[Data entries]
Content starts
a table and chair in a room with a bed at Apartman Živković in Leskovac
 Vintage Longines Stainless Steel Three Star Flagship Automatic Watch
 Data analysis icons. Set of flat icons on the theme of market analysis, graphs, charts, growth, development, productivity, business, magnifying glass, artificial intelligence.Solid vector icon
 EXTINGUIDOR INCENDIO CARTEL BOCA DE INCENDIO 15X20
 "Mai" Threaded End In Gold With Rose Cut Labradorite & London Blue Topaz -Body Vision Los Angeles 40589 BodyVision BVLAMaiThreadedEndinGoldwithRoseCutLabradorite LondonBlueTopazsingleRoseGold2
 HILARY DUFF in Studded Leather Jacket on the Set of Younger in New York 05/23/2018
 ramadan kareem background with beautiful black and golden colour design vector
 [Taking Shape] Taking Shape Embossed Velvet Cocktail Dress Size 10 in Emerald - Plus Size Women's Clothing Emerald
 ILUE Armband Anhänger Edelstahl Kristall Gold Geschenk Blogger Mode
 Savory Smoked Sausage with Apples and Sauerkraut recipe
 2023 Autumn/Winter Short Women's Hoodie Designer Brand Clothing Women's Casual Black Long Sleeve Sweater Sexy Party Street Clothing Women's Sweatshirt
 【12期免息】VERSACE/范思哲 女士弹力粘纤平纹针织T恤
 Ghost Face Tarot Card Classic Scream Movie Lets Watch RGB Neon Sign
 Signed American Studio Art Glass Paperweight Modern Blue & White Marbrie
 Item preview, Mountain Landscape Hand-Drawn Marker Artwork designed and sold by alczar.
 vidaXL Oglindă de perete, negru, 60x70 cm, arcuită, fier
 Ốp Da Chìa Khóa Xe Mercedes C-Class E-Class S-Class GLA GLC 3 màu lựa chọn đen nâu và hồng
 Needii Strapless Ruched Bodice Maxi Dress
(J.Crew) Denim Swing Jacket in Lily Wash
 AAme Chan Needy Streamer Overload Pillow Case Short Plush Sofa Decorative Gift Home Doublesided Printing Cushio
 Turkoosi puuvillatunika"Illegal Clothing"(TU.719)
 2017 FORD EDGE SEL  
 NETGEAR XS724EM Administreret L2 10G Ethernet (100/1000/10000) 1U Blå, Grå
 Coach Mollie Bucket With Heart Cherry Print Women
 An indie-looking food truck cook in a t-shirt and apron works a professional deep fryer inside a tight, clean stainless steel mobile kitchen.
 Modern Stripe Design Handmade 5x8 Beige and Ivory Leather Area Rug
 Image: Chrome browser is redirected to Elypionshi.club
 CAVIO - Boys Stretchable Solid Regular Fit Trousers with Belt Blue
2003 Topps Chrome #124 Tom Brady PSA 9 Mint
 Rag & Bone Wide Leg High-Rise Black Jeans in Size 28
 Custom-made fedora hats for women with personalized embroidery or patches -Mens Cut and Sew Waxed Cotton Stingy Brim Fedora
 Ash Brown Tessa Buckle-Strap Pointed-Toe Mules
Content ends
Your task:
"Leather" is the word to look for; copy every line of the data that has it.

Solution to this problem:
 HILARY DUFF in Studded Leather Jacket on the Set of Younger in New York 05/23/2018
 Modern Stripe Design Handmade 5x8 Beige and Ivory Leather Area Rug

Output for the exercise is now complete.